━━ Data

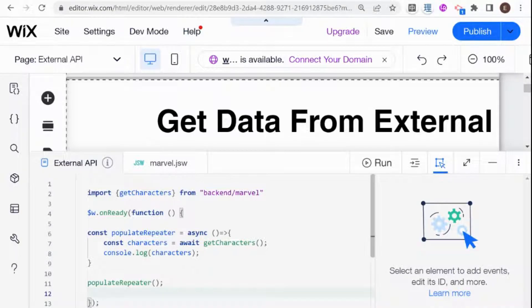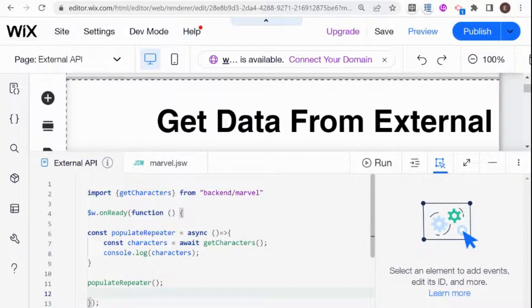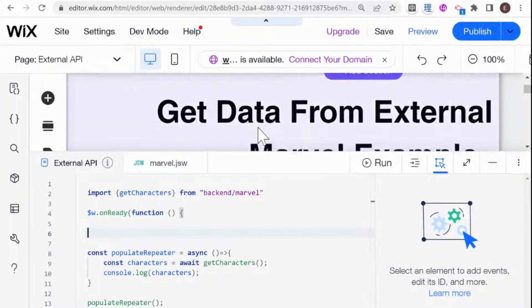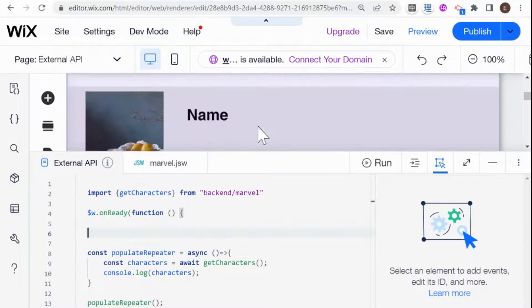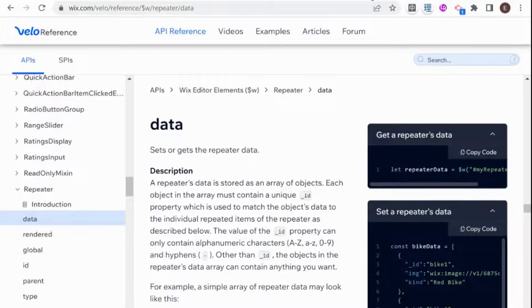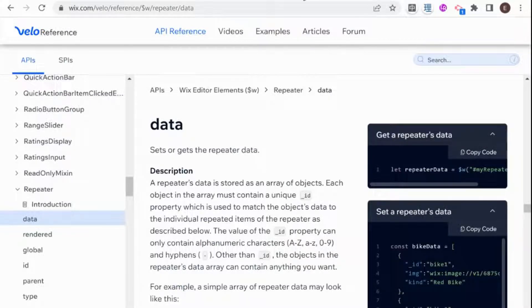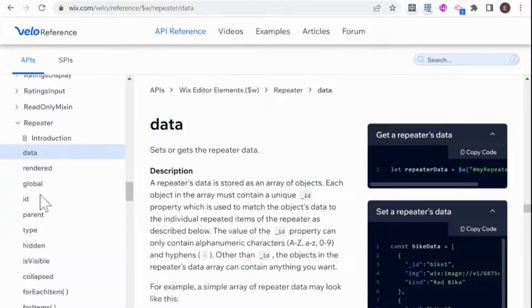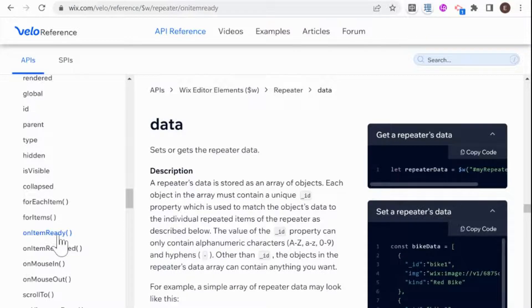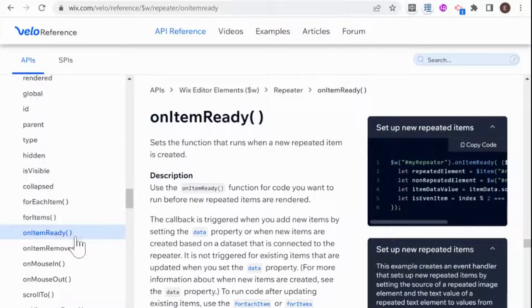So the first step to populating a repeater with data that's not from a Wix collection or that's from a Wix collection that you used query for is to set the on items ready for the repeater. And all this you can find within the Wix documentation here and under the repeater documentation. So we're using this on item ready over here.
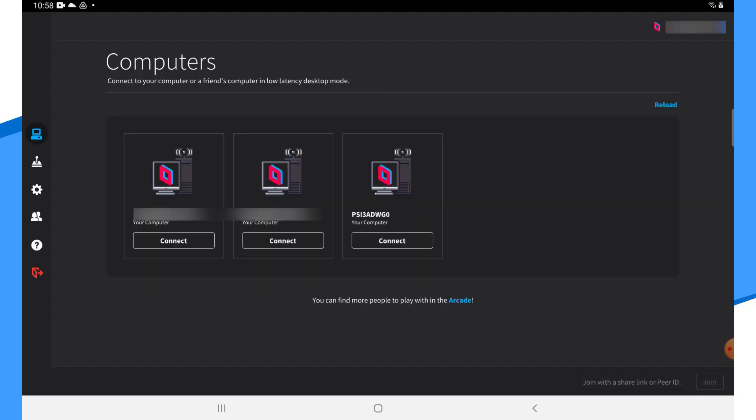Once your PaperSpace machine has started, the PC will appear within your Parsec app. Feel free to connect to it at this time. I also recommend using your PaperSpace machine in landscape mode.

━━━━
━━ Data

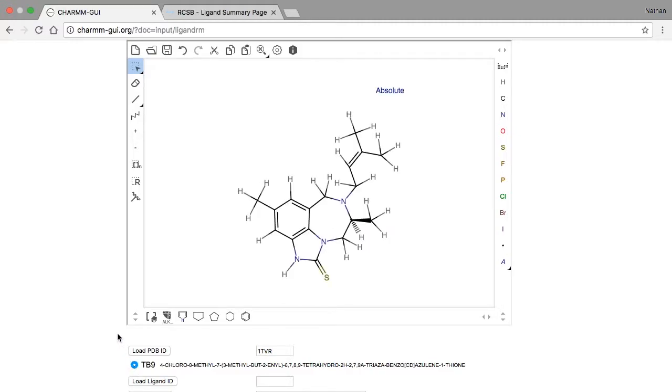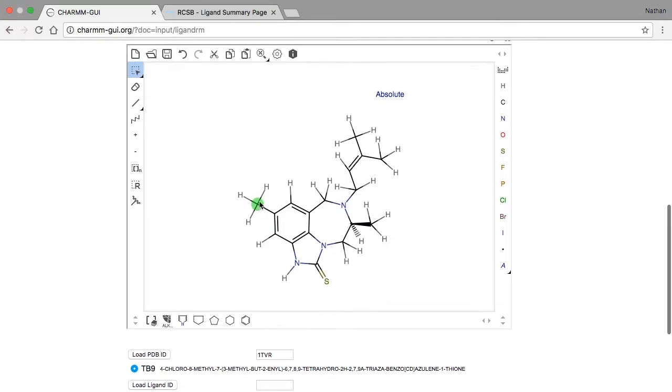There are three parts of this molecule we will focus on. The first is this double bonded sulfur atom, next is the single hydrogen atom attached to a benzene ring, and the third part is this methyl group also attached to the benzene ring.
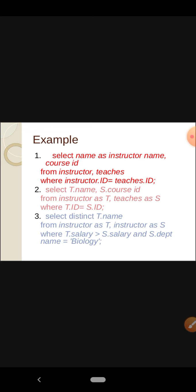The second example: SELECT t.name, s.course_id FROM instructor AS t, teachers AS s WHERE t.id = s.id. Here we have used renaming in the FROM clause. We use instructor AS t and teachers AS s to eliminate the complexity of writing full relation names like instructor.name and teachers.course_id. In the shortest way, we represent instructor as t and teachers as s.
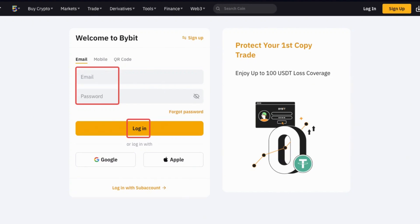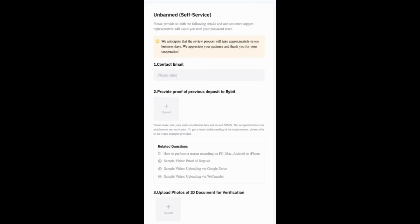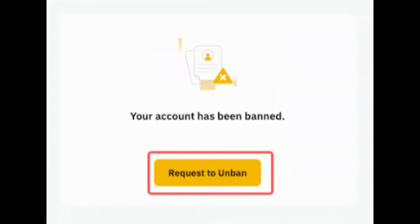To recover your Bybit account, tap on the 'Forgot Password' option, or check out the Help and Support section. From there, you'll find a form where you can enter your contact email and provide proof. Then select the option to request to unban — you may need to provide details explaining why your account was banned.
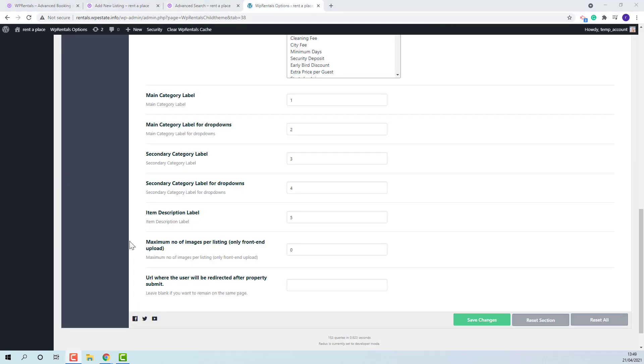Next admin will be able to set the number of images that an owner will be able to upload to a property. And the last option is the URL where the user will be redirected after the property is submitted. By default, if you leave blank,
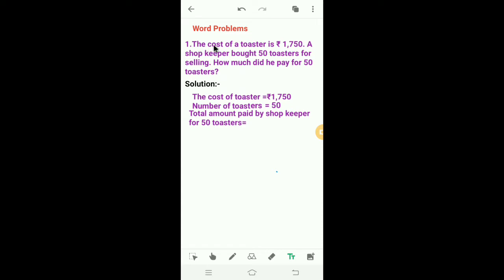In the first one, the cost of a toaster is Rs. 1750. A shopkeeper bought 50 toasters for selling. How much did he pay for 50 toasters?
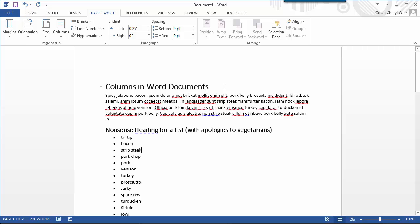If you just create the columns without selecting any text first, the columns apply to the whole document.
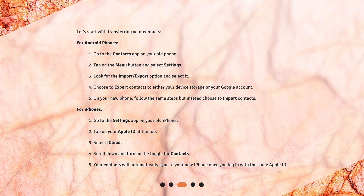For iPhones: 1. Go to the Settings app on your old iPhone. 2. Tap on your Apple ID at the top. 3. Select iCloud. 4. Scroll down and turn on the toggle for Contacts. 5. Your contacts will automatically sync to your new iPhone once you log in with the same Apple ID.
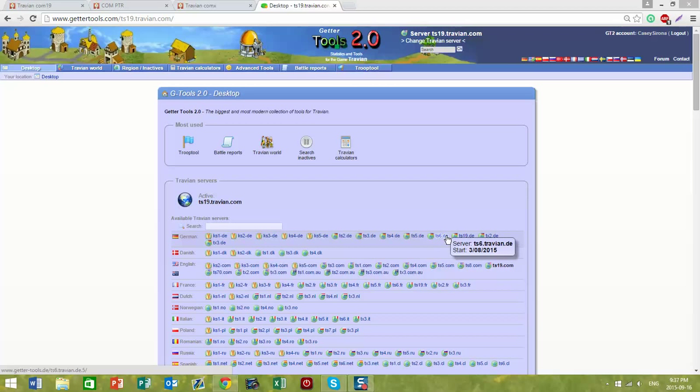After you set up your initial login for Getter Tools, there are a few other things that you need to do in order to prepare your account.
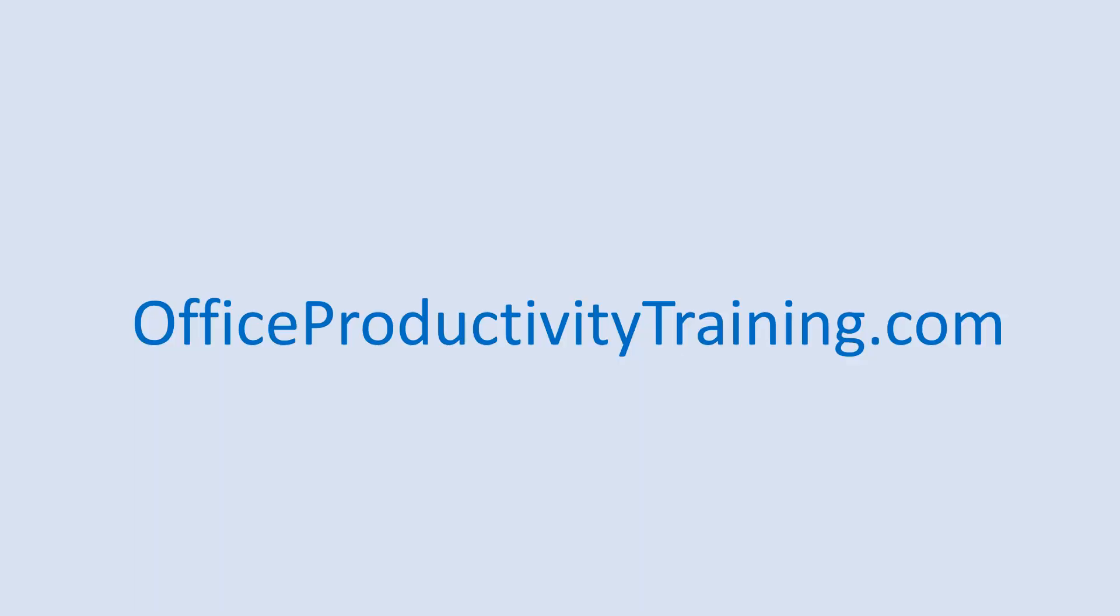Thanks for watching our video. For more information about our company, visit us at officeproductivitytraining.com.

━━━━

■ Task statement
Print exactly, with no pictures, the lines above from the one that holds "Next admin will" through the one that holds "Thanks for watching", both of them included.

■ Final answer
Next admin will be able to set the number of images that an owner will be able to upload to a property. And the last option is the URL where the user will be redirected after the property is submitted. By default, if you leave blank,
In the first one, the cost of a toaster is Rs. 1750. A shopkeeper bought 50 toasters for selling. How much did he pay for 50 toasters?
If you just create the columns without selecting any text first, the columns apply to the whole document.
For iPhones: 1. Go to the Settings app on your old iPhone. 2. Tap on your Apple ID at the top. 3. Select iCloud. 4. Scroll down and turn on the toggle for Contacts. 5. Your contacts will automatically sync to your new iPhone once you log in with the same Apple ID.
After you set up your initial login for Getter Tools, there are a few other things that you need to do in order to prepare your account.
Thanks for watching our video. For more information about our company, visit us at officeproductivitytraining.com.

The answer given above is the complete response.